I clutch a photograph in my hand, crisp and well preserved, only a few years old. I find myself here, embedded in the gloss for as long as the photo survives.

In it, I am alone, comforted only by a submergence of pale blue. I am caught swimming, my hands outstretched, cupped as to pull myself through the water. My pigment has taken to the color of the atmosphere, shied into a light grey.

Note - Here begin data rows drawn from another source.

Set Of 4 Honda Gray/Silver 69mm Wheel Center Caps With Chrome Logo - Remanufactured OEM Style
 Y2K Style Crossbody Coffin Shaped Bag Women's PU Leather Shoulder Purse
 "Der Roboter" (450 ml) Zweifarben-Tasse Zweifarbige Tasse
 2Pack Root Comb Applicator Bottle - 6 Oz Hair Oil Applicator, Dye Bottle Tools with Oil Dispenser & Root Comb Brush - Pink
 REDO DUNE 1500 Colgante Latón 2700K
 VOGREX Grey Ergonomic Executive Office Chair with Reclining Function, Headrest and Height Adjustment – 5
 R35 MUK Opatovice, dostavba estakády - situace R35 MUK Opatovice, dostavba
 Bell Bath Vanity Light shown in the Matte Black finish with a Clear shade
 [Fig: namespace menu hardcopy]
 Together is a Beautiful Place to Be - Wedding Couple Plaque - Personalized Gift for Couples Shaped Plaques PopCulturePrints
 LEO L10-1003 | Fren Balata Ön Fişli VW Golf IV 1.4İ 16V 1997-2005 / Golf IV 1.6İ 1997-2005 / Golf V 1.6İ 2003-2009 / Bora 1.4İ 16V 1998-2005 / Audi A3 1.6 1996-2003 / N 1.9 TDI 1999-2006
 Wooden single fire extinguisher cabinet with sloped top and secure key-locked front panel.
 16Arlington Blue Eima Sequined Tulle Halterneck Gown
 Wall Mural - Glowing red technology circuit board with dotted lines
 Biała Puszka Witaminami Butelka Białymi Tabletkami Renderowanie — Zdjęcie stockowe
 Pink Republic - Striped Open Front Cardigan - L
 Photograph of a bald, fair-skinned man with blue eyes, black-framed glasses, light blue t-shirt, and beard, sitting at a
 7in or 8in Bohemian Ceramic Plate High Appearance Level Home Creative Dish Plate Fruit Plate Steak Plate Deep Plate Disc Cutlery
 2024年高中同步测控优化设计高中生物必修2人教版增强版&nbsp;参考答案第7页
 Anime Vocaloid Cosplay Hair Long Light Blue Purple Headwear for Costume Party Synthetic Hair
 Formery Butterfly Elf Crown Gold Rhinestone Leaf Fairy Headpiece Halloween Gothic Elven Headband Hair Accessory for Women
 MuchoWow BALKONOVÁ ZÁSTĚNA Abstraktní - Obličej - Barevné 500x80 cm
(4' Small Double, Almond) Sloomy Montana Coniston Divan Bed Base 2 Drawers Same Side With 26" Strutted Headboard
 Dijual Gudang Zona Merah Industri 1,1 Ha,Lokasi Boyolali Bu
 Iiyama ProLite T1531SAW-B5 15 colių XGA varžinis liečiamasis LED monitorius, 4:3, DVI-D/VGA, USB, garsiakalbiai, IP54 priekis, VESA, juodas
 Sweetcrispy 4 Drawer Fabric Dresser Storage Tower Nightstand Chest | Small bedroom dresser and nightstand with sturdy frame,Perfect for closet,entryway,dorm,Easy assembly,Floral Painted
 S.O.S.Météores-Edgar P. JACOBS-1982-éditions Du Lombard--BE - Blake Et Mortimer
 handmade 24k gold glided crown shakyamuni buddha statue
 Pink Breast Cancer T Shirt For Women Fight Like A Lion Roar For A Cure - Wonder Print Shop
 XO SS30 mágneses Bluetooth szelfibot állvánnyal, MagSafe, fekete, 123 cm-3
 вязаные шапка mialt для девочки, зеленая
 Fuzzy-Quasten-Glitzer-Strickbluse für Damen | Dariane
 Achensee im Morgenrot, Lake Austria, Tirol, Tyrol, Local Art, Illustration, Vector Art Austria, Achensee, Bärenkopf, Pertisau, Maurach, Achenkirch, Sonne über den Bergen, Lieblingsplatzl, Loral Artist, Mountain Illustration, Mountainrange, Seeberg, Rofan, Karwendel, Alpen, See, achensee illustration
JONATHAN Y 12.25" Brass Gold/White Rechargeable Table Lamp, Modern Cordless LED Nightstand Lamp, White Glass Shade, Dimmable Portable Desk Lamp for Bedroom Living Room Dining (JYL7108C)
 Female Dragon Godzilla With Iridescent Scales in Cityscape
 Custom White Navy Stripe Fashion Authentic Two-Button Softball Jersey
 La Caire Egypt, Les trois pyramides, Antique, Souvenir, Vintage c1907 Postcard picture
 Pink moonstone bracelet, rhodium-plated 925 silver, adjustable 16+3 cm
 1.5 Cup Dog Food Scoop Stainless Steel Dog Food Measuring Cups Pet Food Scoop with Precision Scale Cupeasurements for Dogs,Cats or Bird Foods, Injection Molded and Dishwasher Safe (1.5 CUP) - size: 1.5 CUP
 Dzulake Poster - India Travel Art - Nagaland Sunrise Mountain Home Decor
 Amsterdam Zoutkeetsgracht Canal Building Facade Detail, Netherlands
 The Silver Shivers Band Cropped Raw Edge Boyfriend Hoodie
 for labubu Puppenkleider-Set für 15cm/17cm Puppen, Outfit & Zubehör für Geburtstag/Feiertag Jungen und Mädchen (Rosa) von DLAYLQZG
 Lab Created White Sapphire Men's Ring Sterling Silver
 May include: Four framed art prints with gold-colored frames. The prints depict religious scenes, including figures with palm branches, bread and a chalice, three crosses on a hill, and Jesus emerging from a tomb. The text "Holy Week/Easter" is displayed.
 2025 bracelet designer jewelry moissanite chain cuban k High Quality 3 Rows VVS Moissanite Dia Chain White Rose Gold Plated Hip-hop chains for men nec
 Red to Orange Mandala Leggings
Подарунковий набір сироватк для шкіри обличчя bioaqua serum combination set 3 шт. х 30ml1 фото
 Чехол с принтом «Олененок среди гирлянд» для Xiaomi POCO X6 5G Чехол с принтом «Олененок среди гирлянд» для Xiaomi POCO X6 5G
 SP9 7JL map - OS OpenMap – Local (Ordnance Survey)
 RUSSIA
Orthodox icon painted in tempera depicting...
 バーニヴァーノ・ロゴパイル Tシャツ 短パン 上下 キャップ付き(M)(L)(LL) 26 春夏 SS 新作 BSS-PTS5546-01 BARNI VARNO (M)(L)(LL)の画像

I swim, but I do not see. The water is thick with turbidity: fibers of fish scales, the forgotten breath of deforested sea weed. A snorkel leads from my puckered lips and broaches the thin surface above me. The snorkel is my division, because I am not as decisive as I might hope. I cannot fully detach myself from one world for another.

I cannot fully be alone.

Who snapped me, who captured me in photography’s grip, so that I may always be caught in the drift, so that I may always sneer behind my fogged goggles, in search of something? Who could see me when I could not see them? Was it my mother or my sister? Or my father? Could it have been a family member? Can a family stand to see one of their ranks in the vacuum between worlds?

Could I have set a timer? Could I have trusted technology to see me when my own eyes, my own iris, my pupils, were so clouded with the mist of open saltwater?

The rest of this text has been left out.